樫の木の恋(上)
清洲城につき、織田信長殿に面会していた。
豪快というか、厳しい人ではあるのだろうが付いていきたくなるお人だということが分かった。
やはり龍興殿とは違う。
それと、木下殿は信長殿の前ではあの冷たい目をしなかった。女だと知っている二人の前だからなのだろう。
「大殿…。織田家に入るにあたってお願いがあるのですが…。」
「なんだ?何なりと申せ。」
「それがしを木下殿の配下にしてもらえませんでしょうか?」
「竹中殿?」
驚いた木下殿は女の顔になってしまっている。本当に驚いたんだろう。
それに相対して信長殿はぎらりと厳しい顔になっている。思わず足がすくんでしまうほどの威圧感だった。
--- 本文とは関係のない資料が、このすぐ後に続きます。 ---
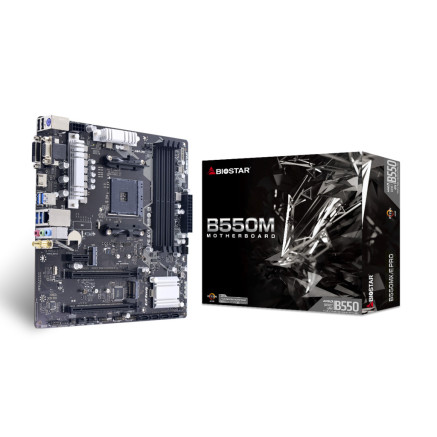 Biostar B550MXE Pro (AM4) (EU)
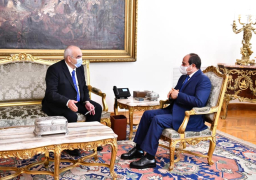 الرئيس السيسي يؤكد دور هيئة قضايا الدولة في ترسيخ العدالة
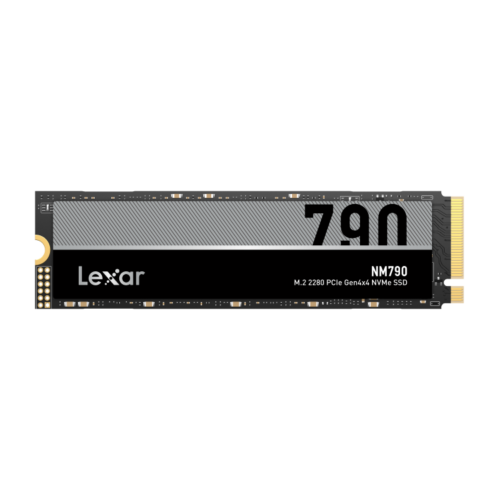 Lexar NM790 NVMe PCIe 4.0 Gen4 SSD M.2 2280 1TB 2TB 4TB 8TB (With or Without Heatsink) Up to 7400MB/s Read 6500MB/s Write 1000K IOPS 232-Layer TLC NAND - 1TB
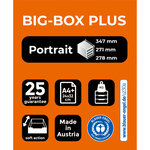 Exacompta Set de tiroirs de bureau Plus Big-Box Ecoblack et 5 tiroirs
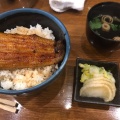 うな丼 - 実際訪問したユーザーが直接撮影して投稿した西日暮里うなぎうな鐵将の写真のメニュー情報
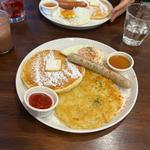 ランバージャックブレックファスト(THE MORNING FOLKS OSHIAGE Coffee & American Breakfast)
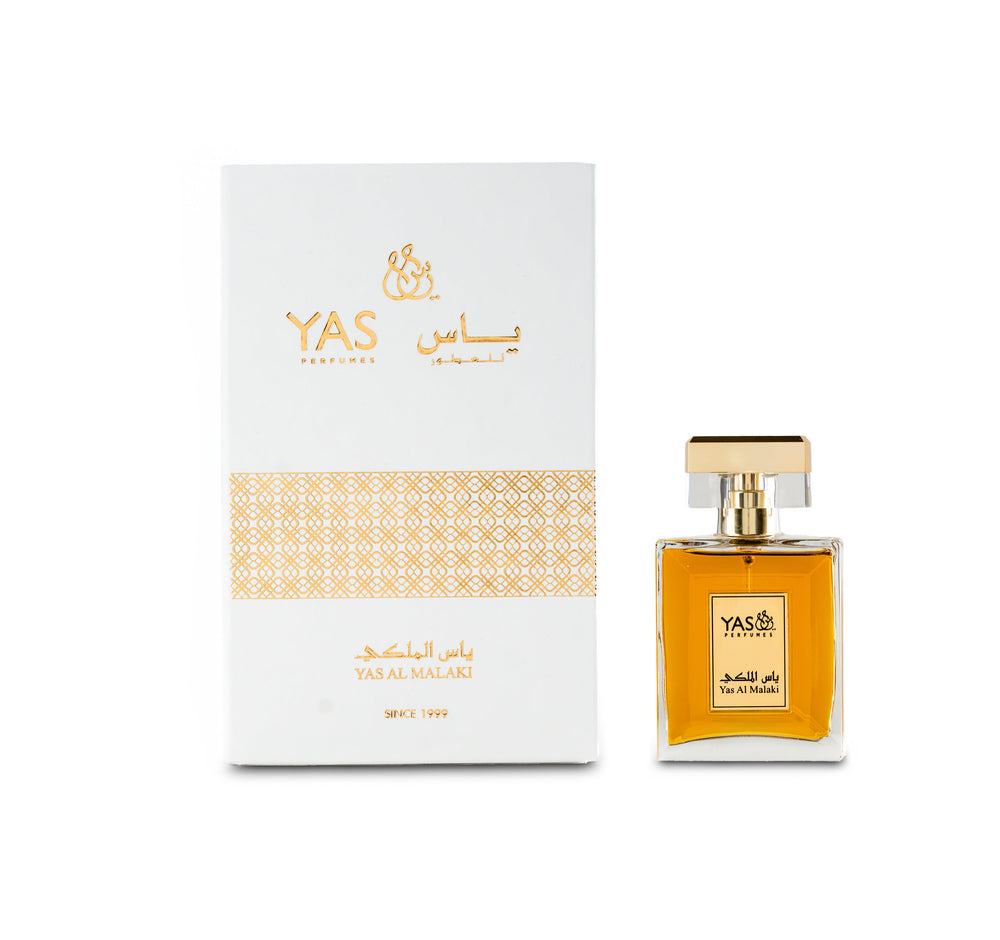 YAS AL MALAKI perfume with box
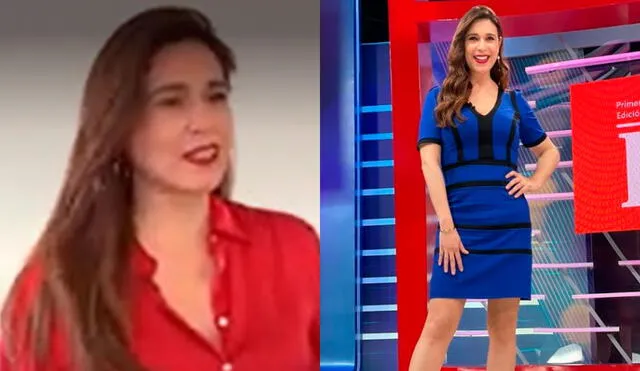 Verónica Linares tuvo que hablar el tema de los hijos con su pareja, Alfredo Rivero, y al mes quedó embarazada. Foto: composición Verónica Linares/Instagram, captura América TV.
「ほう…。わしの直臣より、藤吉の配下がいいと申すのか。」
「ええ。斉藤家から出奔し、織田家へ出仕すると決意させたのは木下殿のおかげ…。木下殿の人柄に惚れたのです。どうかお聞き入れ下され。」
大殿へ頭を下げると木下殿が割り込んでくる。
「しかし、竹中殿?私は…」
思わず木下殿が『私』と言ってしまっている。女だと知っている二人しかいないから気が抜けてしまっていたのだろう。
「む?藤吉!半兵衛にあの事を話したのか?」
睨み付けるように木下殿を見る大殿。顔に焦りが見えた木下殿だったが観念したかのように大殿へと向き直る。
やはり『私』と言ったのがまずかったのだろう。
「は、はい。竹中殿は鋭いうえに、何故か心が許せてしまうのかいつものように振る舞えず…。」
大殿は木下殿の言葉を聞いてしばらく悩んでいたが、答えが出たのか目を開き告げた。
「分かっていながらも藤吉に付きたいと申すか。いいだろう。そちの願い聞き入れよう。」
「ありがとうございます。」
木下殿はあまり納得していないようだが、嫌がっているようには見えなかった。
「竹中殿…よろしく頼むな。」
そう言って手を差し出してきた木下殿ははにかむように頭をかいていた。